On Wed, Dec 15, 2004 at 08:30:08PM -0500, Tom Lane wrote:
> Greg Stark <gsstark@mit.edu> writes:
> > But I'm a bit puzzled. Why would Append have any significant cost? It's just
> > taking the tuples from one plan node and returning them until they run out,
> > then taking the tuples from another plan node. It should have no i/o cost and
> > hardly any cpu cost. Where is the time going?
>
> As best I can tell by profiling, the cost of the Append node per se is
> indeed negligible --- no more than a couple percent of the runtime in
> CVS tip for a test case similar to Stacy White's example.
>
> It looks bad in EXPLAIN ANALYZE, but you have to realize that passing
> the tuples up through the Append node doubles the instrumentation
> overhead of EXPLAIN ANALYZE, which is pretty sizable already.  (If you
> turn on \timing in psql and try the query itself vs. EXPLAIN ANALYZE,
> the actual elapsed time is about double, at least for me.)
>
> The other effect, which I hadn't expected, is that the seqscans
> themselves actually slow down.  I get
>
> regression=# explain analyze SELECT COUNT(*), MAX(bar1) FROM super_foo ;
>                                                                QUERY PLAN
>
----------------------------------------------------------------------------------------------------------------------------------------
>  Aggregate  (cost=16414.32..16414.32 rows=1 width=4) (actual time=32313.980..32313.988 rows=1 loops=1)

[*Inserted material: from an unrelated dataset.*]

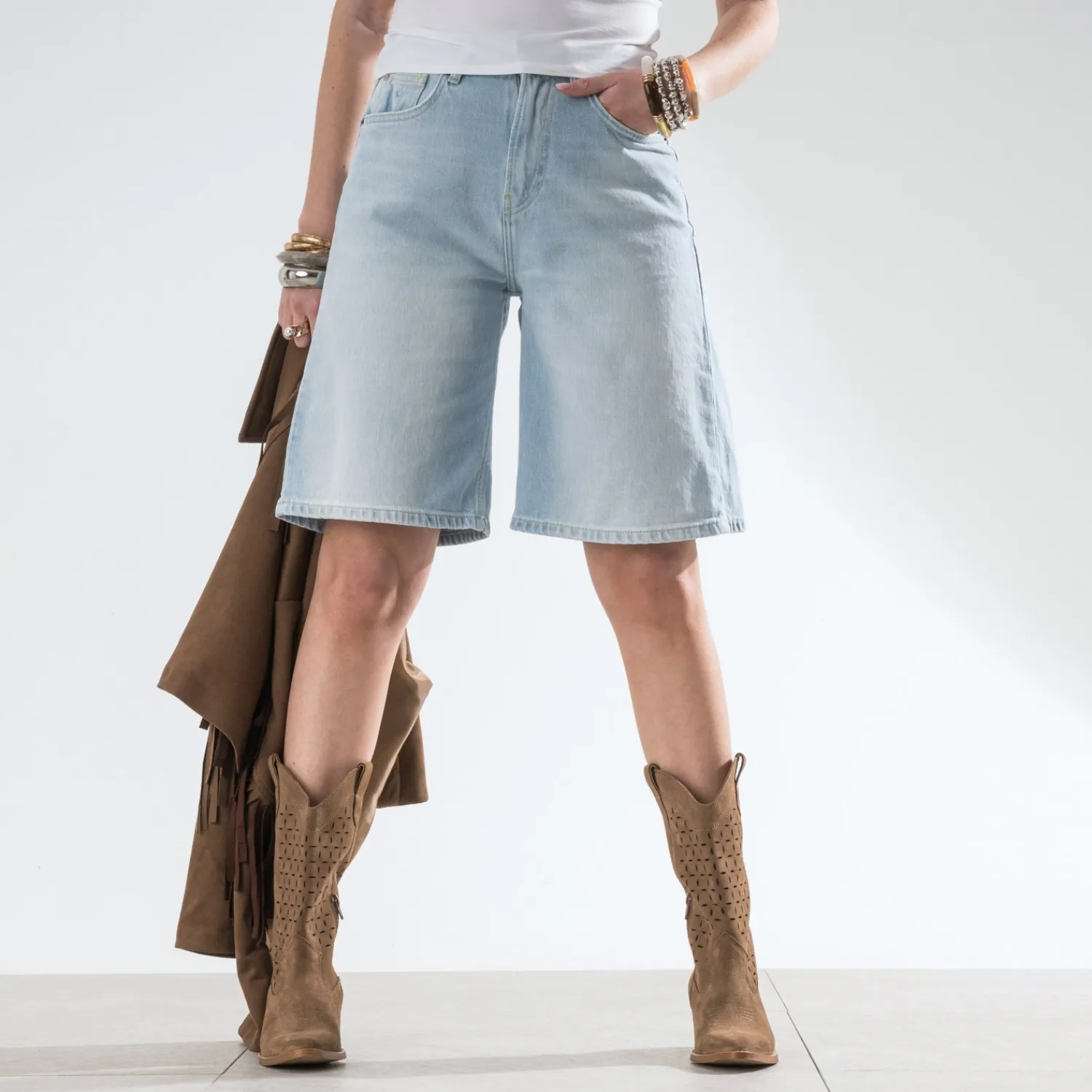 Texto Bottes^Botte santiag cuir velours ajouré TAUPE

>    ->  Append  (cost=0.00..13631.54 rows=556555 width=4) (actual time=0.232..21848.401 rows=524289 loops=1)
>          ->  Seq Scan on super_foo  (cost=0.00..0.00 rows=1 width=4) (actual time=0.020..0.020 rows=0 loops=1)
>          ->  Seq Scan on sub_foo1 super_foo  (cost=0.00..6815.77 rows=278277 width=4) (actual time=0.187..6926.395
rows=262144loops=1) 
>          ->  Seq Scan on sub_foo2 super_foo  (cost=0.00..6815.77 rows=278277 width=4) (actual time=0.168..7026.953
rows=262145loops=1) 
>  Total runtime: 32314.993 ms
> (6 rows)
>
> regression=# explain analyze SELECT COUNT(*), MAX(bar1) FROM sub_foo1;
>                                                        QUERY PLAN
>
------------------------------------------------------------------------------------------------------------------------
>  Aggregate  (cost=8207.16..8207.16 rows=1 width=4) (actual time=9850.420..9850.428 rows=1 loops=1)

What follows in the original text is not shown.